All entries below are to be copied precisely as they appear.

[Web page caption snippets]
++++++++++++++++++++

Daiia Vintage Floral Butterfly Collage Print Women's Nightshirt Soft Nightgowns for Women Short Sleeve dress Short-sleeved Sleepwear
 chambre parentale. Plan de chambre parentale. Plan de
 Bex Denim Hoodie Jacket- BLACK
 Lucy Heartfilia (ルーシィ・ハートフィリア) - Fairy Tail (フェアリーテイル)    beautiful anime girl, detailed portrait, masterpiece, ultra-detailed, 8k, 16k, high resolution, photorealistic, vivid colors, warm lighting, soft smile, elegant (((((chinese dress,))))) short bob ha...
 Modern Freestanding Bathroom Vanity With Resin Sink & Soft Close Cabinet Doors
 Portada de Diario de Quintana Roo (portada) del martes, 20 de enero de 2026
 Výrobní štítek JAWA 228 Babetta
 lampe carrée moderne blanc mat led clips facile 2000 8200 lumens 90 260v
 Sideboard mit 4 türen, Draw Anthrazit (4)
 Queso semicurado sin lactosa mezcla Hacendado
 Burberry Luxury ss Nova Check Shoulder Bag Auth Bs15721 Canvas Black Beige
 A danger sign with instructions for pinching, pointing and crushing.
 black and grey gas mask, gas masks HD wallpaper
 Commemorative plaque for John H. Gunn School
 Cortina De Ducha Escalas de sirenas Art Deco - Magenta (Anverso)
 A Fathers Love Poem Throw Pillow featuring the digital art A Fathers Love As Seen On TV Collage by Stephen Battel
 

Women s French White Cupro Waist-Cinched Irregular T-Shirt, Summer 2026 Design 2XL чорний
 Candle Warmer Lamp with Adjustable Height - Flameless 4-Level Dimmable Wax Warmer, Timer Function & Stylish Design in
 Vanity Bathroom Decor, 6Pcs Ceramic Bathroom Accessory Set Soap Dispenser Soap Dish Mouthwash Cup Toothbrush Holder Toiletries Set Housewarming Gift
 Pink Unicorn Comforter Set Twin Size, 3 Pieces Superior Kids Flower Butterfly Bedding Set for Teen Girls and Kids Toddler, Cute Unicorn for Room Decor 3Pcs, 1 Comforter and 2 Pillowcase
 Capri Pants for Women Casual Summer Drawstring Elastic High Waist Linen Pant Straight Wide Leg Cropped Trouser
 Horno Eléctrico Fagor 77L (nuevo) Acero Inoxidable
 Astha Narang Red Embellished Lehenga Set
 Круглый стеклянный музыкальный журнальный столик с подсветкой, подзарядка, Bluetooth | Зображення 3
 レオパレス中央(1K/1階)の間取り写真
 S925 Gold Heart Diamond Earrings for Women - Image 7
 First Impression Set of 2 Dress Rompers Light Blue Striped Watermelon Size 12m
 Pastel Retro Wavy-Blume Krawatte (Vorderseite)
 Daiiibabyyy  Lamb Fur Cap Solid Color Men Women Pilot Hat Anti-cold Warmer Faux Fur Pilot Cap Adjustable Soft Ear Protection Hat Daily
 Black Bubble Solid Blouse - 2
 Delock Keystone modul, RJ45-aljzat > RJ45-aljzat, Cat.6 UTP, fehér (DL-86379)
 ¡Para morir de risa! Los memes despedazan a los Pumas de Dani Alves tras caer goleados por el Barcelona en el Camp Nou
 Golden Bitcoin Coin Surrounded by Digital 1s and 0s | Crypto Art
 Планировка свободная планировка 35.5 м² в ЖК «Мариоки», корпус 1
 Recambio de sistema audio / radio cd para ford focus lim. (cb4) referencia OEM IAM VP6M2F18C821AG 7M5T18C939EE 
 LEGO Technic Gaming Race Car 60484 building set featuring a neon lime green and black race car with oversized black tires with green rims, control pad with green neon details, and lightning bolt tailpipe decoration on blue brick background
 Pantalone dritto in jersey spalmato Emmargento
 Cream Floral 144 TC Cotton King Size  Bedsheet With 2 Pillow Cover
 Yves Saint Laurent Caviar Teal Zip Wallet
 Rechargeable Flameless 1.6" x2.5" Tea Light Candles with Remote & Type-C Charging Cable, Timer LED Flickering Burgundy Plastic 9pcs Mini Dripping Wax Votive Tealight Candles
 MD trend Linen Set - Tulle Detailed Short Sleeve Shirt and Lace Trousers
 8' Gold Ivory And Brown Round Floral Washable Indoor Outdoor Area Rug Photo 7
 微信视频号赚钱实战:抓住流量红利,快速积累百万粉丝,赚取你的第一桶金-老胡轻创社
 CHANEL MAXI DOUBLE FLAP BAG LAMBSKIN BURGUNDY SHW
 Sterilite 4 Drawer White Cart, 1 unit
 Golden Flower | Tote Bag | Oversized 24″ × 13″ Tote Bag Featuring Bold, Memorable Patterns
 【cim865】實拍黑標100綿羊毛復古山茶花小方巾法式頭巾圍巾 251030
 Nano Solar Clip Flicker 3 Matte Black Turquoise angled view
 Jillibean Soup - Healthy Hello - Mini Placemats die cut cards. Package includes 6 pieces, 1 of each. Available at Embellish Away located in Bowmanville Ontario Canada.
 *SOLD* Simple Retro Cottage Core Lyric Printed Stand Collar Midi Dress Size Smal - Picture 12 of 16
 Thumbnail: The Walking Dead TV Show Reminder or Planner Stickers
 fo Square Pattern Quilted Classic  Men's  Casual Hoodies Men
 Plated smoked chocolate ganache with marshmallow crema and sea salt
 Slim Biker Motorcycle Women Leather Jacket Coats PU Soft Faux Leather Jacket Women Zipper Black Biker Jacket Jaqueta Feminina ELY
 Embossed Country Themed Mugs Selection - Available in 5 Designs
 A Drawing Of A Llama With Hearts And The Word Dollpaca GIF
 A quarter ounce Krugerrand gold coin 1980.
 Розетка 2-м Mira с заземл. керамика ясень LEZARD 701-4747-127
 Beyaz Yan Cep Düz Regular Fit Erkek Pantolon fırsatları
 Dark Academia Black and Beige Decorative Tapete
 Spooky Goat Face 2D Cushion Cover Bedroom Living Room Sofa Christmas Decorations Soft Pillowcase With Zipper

++++++++++++++++++++

> **Solution for this exercise**
Daiia Vintage Floral Butterfly Collage Print Women's Nightshirt Soft Nightgowns for Women Short Sleeve dress Short-sleeved Sleepwear
 chambre parentale. Plan de chambre parentale. Plan de
 Bex Denim Hoodie Jacket- BLACK
 Lucy Heartfilia (ルーシィ・ハートフィリア) - Fairy Tail (フェアリーテイル)    beautiful anime girl, detailed portrait, masterpiece, ultra-detailed, 8k, 16k, high resolution, photorealistic, vivid colors, warm lighting, soft smile, elegant (((((chinese dress,))))) short bob ha...
 Modern Freestanding Bathroom Vanity With Resin Sink & Soft Close Cabinet Doors
 Portada de Diario de Quintana Roo (portada) del martes, 20 de enero de 2026
 Výrobní štítek JAWA 228 Babetta
 lampe carrée moderne blanc mat led clips facile 2000 8200 lumens 90 260v
 Sideboard mit 4 türen, Draw Anthrazit (4)
 Queso semicurado sin lactosa mezcla Hacendado
 Burberry Luxury ss Nova Check Shoulder Bag Auth Bs15721 Canvas Black Beige
 A danger sign with instructions for pinching, pointing and crushing.
 black and grey gas mask, gas masks HD wallpaper
 Commemorative plaque for John H. Gunn School
 Cortina De Ducha Escalas de sirenas Art Deco - Magenta (Anverso)
 A Fathers Love Poem Throw Pillow featuring the digital art A Fathers Love As Seen On TV Collage by Stephen Battel
 

Women s French White Cupro Waist-Cinched Irregular T-Shirt, Summer 2026 Design 2XL чорний
 Candle Warmer Lamp with Adjustable Height - Flameless 4-Level Dimmable Wax Warmer, Timer Function & Stylish Design in
 Vanity Bathroom Decor, 6Pcs Ceramic Bathroom Accessory Set Soap Dispenser Soap Dish Mouthwash Cup Toothbrush Holder Toiletries Set Housewarming Gift
 Pink Unicorn Comforter Set Twin Size, 3 Pieces Superior Kids Flower Butterfly Bedding Set for Teen Girls and Kids Toddler, Cute Unicorn for Room Decor 3Pcs, 1 Comforter and 2 Pillowcase
 Capri Pants for Women Casual Summer Drawstring Elastic High Waist Linen Pant Straight Wide Leg Cropped Trouser
 Horno Eléctrico Fagor 77L (nuevo) Acero Inoxidable
 Astha Narang Red Embellished Lehenga Set
 Круглый стеклянный музыкальный журнальный столик с подсветкой, подзарядка, Bluetooth | Зображення 3
 レオパレス中央(1K/1階)の間取り写真
 S925 Gold Heart Diamond Earrings for Women - Image 7
 First Impression Set of 2 Dress Rompers Light Blue Striped Watermelon Size 12m
 Pastel Retro Wavy-Blume Krawatte (Vorderseite)
 Daiiibabyyy  Lamb Fur Cap Solid Color Men Women Pilot Hat Anti-cold Warmer Faux Fur Pilot Cap Adjustable Soft Ear Protection Hat Daily
 Black Bubble Solid Blouse - 2
 Delock Keystone modul, RJ45-aljzat > RJ45-aljzat, Cat.6 UTP, fehér (DL-86379)
 ¡Para morir de risa! Los memes despedazan a los Pumas de Dani Alves tras caer goleados por el Barcelona en el Camp Nou
 Golden Bitcoin Coin Surrounded by Digital 1s and 0s | Crypto Art
 Планировка свободная планировка 35.5 м² в ЖК «Мариоки», корпус 1
 Recambio de sistema audio / radio cd para ford focus lim. (cb4) referencia OEM IAM VP6M2F18C821AG 7M5T18C939EE 
 LEGO Technic Gaming Race Car 60484 building set featuring a neon lime green and black race car with oversized black tires with green rims, control pad with green neon details, and lightning bolt tailpipe decoration on blue brick background
 Pantalone dritto in jersey spalmato Emmargento
 Cream Floral 144 TC Cotton King Size  Bedsheet With 2 Pillow Cover
 Yves Saint Laurent Caviar Teal Zip Wallet
 Rechargeable Flameless 1.6" x2.5" Tea Light Candles with Remote & Type-C Charging Cable, Timer LED Flickering Burgundy Plastic 9pcs Mini Dripping Wax Votive Tealight Candles
 MD trend Linen Set - Tulle Detailed Short Sleeve Shirt and Lace Trousers
 8' Gold Ivory And Brown Round Floral Washable Indoor Outdoor Area Rug Photo 7
 微信视频号赚钱实战:抓住流量红利,快速积累百万粉丝,赚取你的第一桶金-老胡轻创社
 CHANEL MAXI DOUBLE FLAP BAG LAMBSKIN BURGUNDY SHW
 Sterilite 4 Drawer White Cart, 1 unit
 Golden Flower | Tote Bag | Oversized 24″ × 13″ Tote Bag Featuring Bold, Memorable Patterns
 【cim865】實拍黑標100綿羊毛復古山茶花小方巾法式頭巾圍巾 251030
 Nano Solar Clip Flicker 3 Matte Black Turquoise angled view
 Jillibean Soup - Healthy Hello - Mini Placemats die cut cards. Package includes 6 pieces, 1 of each. Available at Embellish Away located in Bowmanville Ontario Canada.
 *SOLD* Simple Retro Cottage Core Lyric Printed Stand Collar Midi Dress Size Smal - Picture 12 of 16
 Thumbnail: The Walking Dead TV Show Reminder or Planner Stickers
 fo Square Pattern Quilted Classic  Men's  Casual Hoodies Men
 Plated smoked chocolate ganache with marshmallow crema and sea salt
 Slim Biker Motorcycle Women Leather Jacket Coats PU Soft Faux Leather Jacket Women Zipper Black Biker Jacket Jaqueta Feminina ELY
 Embossed Country Themed Mugs Selection - Available in 5 Designs
 A Drawing Of A Llama With Hearts And The Word Dollpaca GIF
 A quarter ounce Krugerrand gold coin 1980.
 Розетка 2-м Mira с заземл. керамика ясень LEZARD 701-4747-127
 Beyaz Yan Cep Düz Regular Fit Erkek Pantolon fırsatları
 Dark Academia Black and Beige Decorative Tapete
 Spooky Goat Face 2D Cushion Cover Bedroom Living Room Sofa Christmas Decorations Soft Pillowcase With Zipper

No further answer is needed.